** DATA follows **
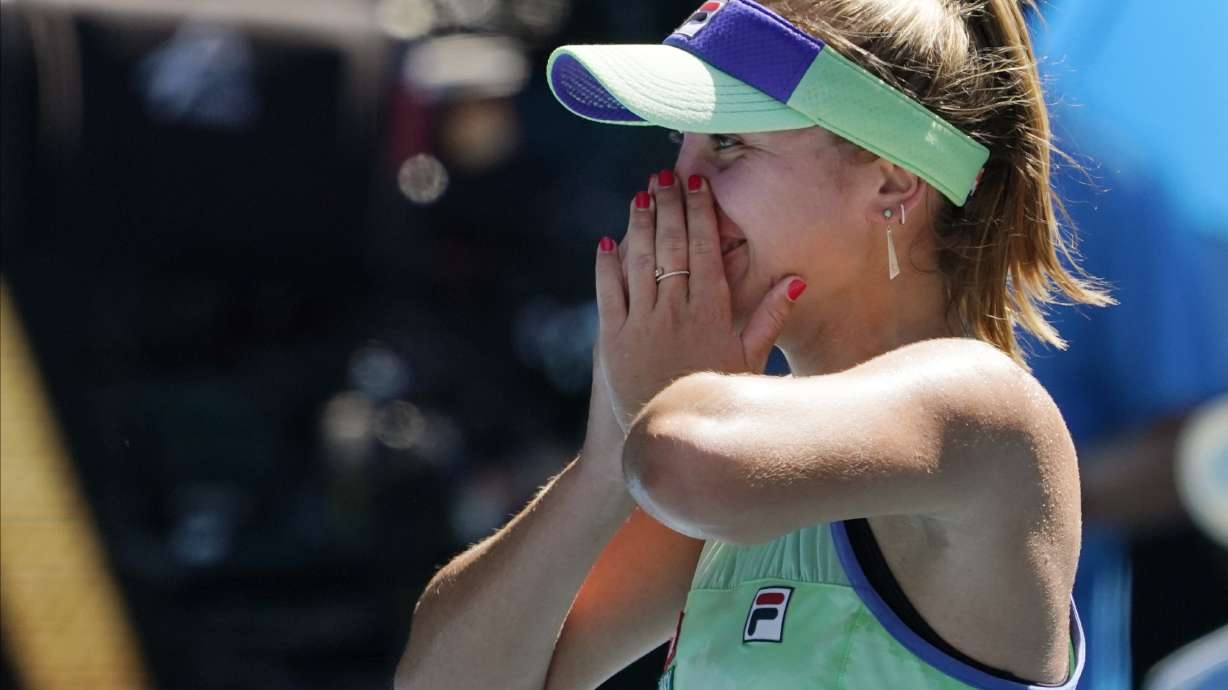 Djokovic adds to Slam streak vs. Federer at Australian Open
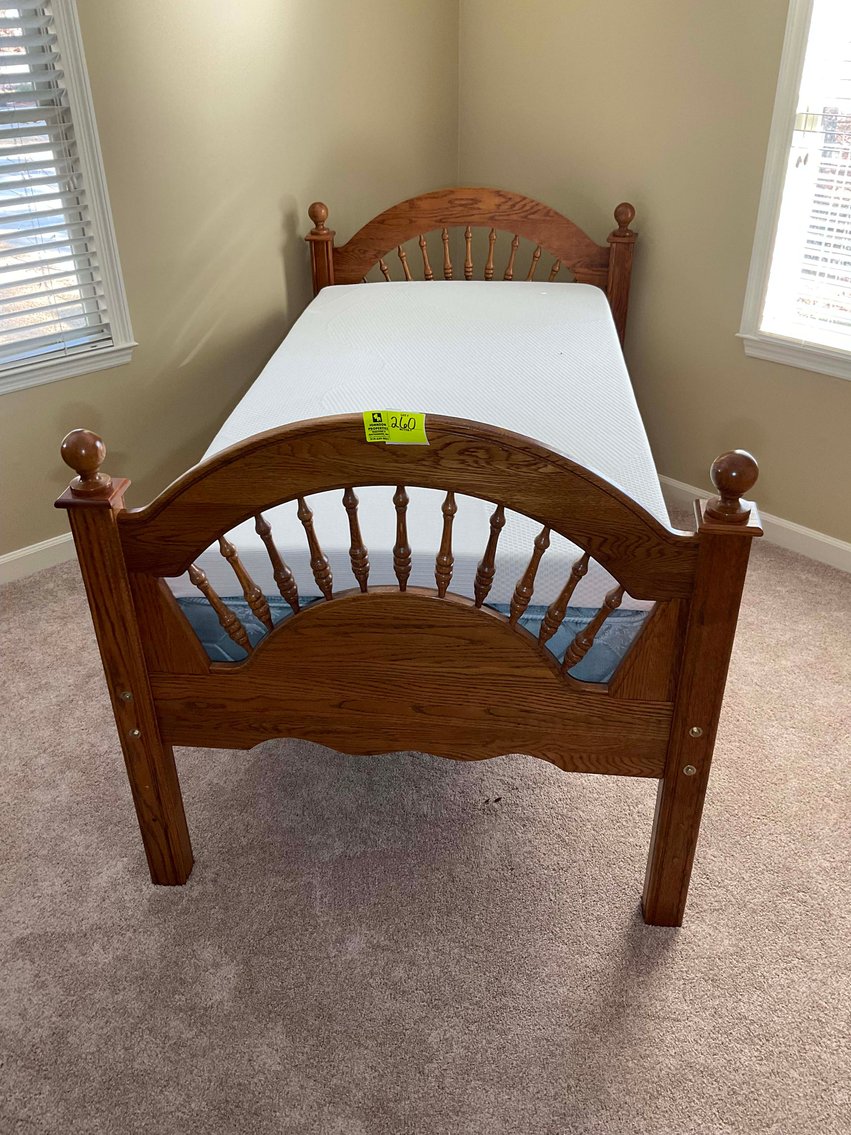 Image for Online Only Personal Property Auction in Clinton!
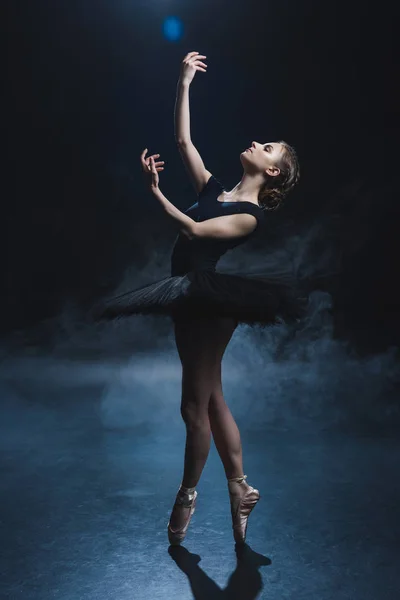 Bailarina bailando en tutú negro — Stock Photo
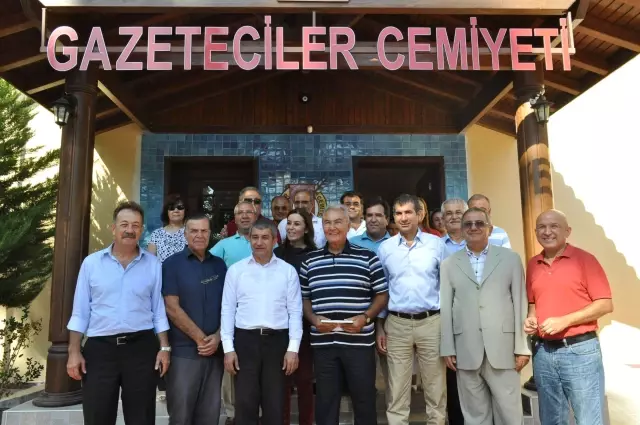 Deniz Baykal'dan 'Afyon' Yorumu Deniz Baykal'dan 'Afyon' Yorumu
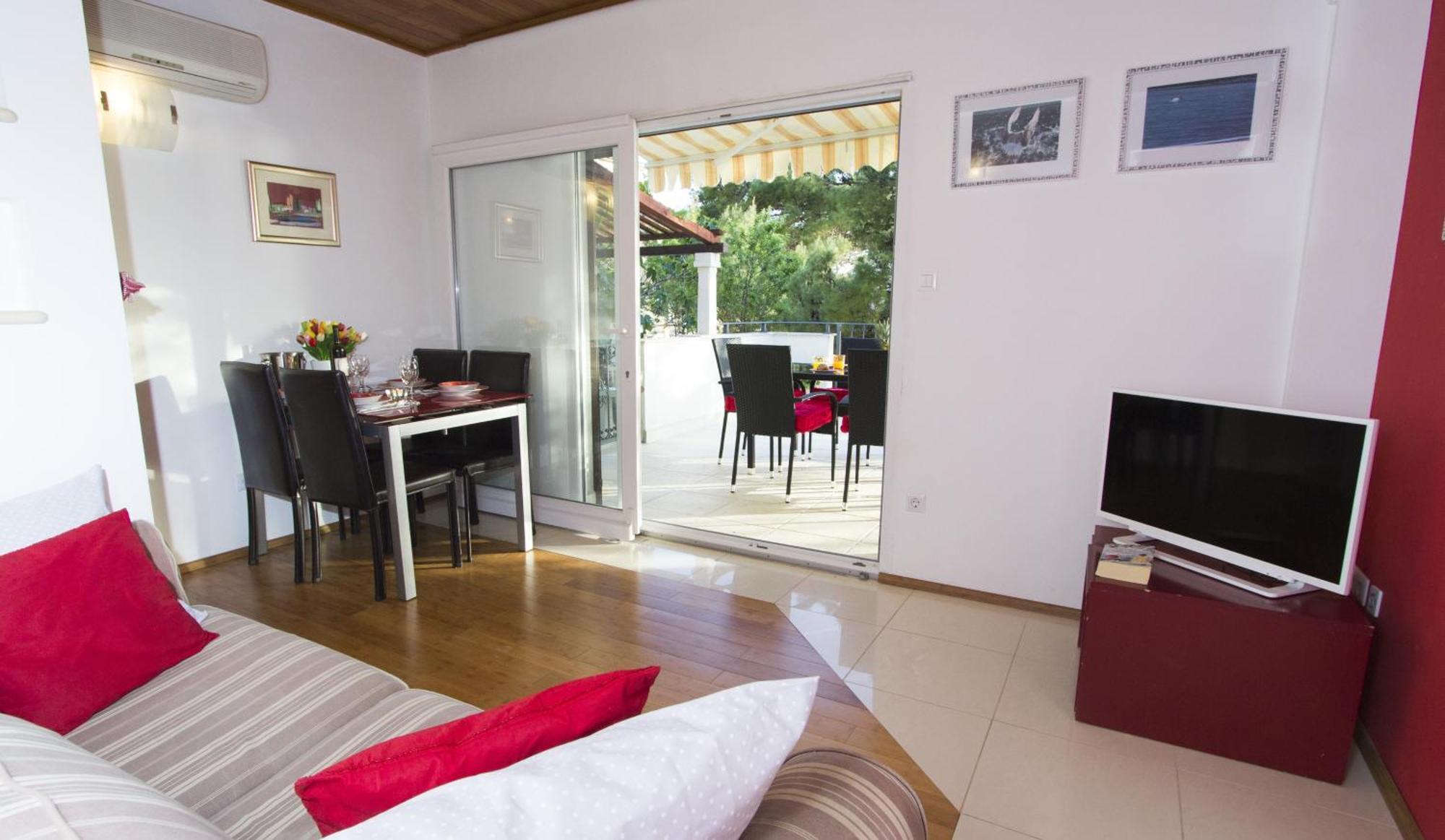 Apartments By The Sea Brela, Makarska - 11821 Pokój zdjęcie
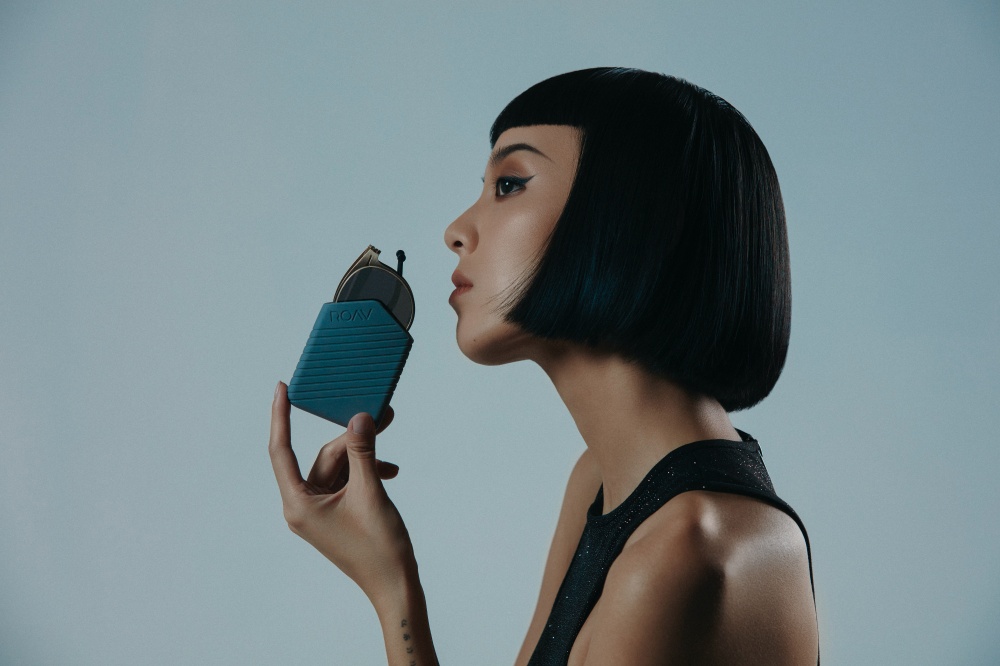 出門不帶包也能收納墨鏡！可折疊超輕薄 ROAV eyewear 攜手 Kiwi 李函打造機能時尚全新語彙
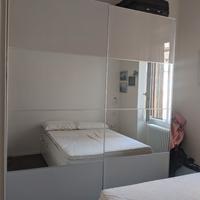 Armadio IKEA con ante scorrevoli 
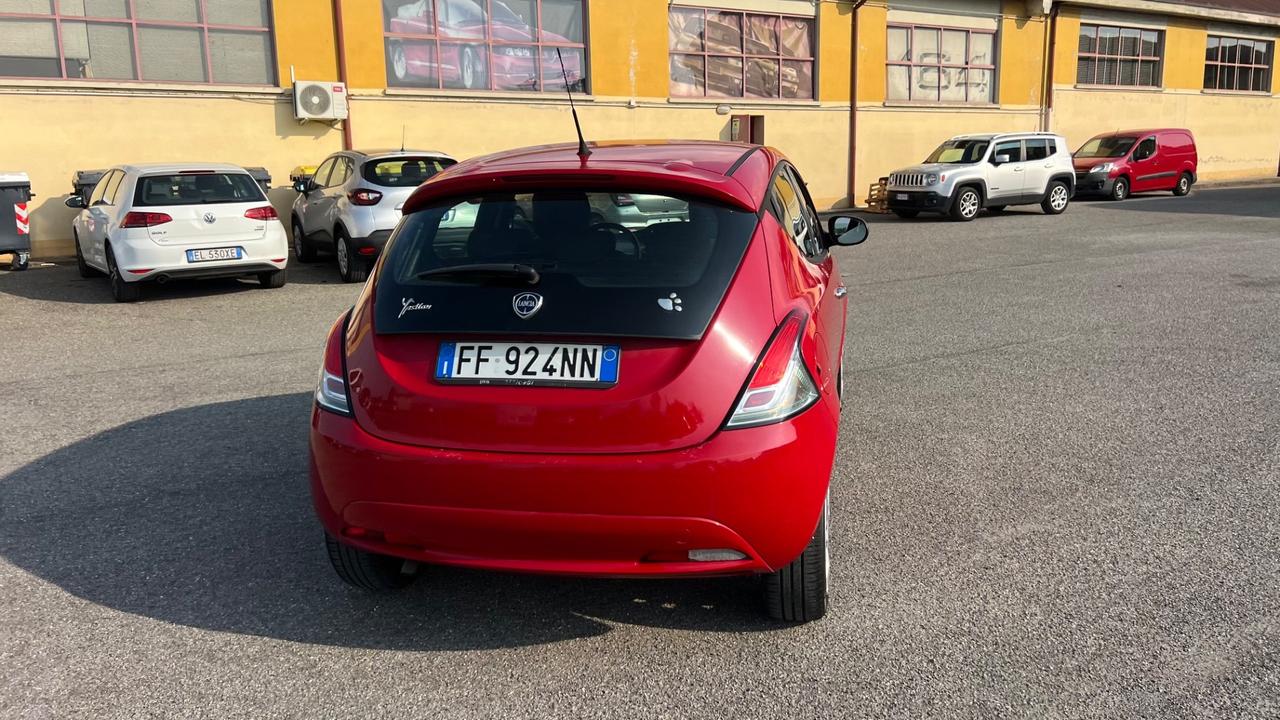 Lancia Ypsilon 1.2 69 CV 5 porte GPL Ecochic Platinum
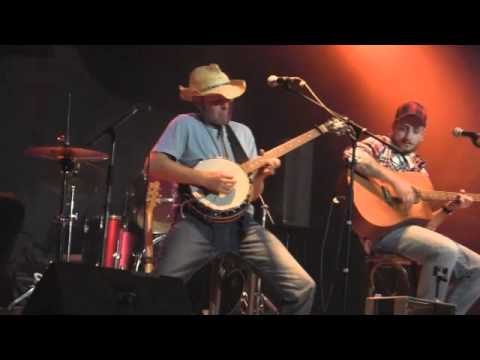 Jack Sixpack and The Bang Gang  Mississippi Mud Live @ CMA 2013 in Pullman City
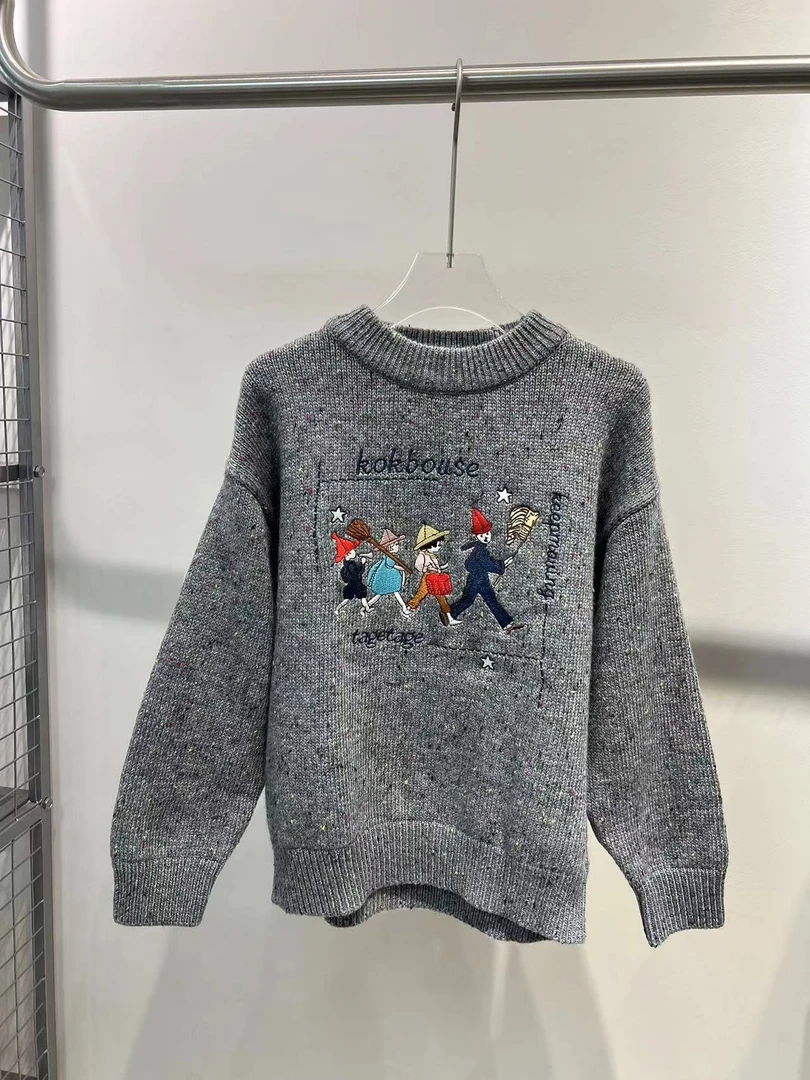 XTJ STUDIO童装 设计师款 J 胸口小人图案毛衣 新品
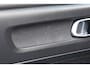 Volvo XC40 T3 156PK Trekhaak | PDC voor/achter | 18" LMV | LED
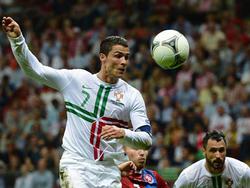 Португалия — первый полуфиналист Евро-2012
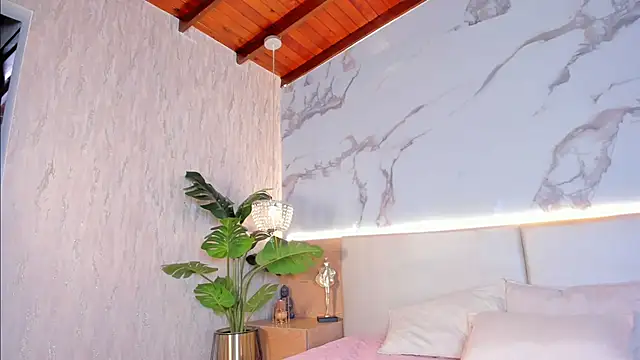 Celeste-Evanns online show from March 1, 2026, 7:58 pm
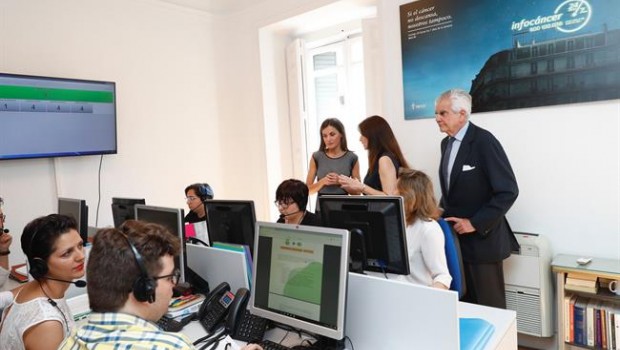 ep la reina letizia visita infocancer servicio gratuitola aecc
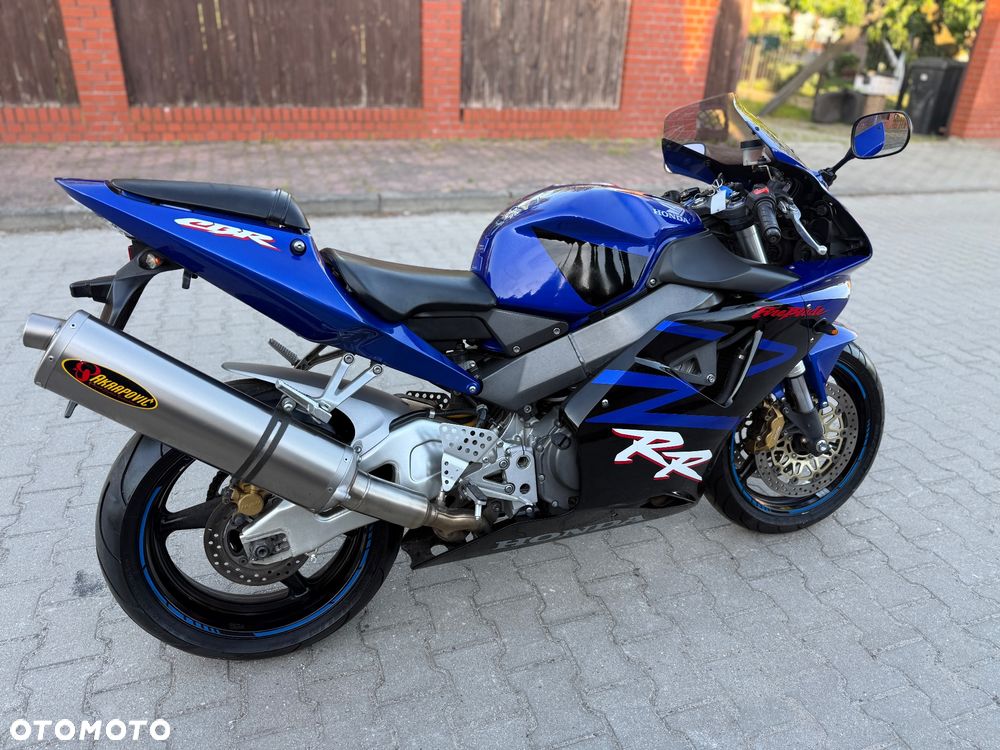 Honda CBR - 11
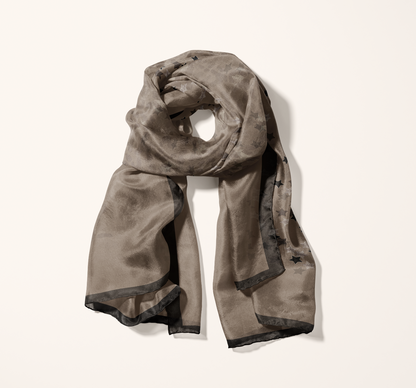 Wild Moves: Beige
** End of DATA **
#### [WHAT IS REQUIRED]
Once the line containing "Volvo XC40 T3" has been found, write out exactly that line and each one after it through the end of the data, leaving out every picture.

#### [SOLUTION TO THIS PROBLEM]
 Volvo XC40 T3 156PK Trekhaak | PDC voor/achter | 18" LMV | LED
 Португалия — первый полуфиналист Евро-2012
 Celeste-Evanns online show from March 1, 2026, 7:58 pm
 ep la reina letizia visita infocancer servicio gratuitola aecc
 Honda CBR - 11
 Wild Moves: Beige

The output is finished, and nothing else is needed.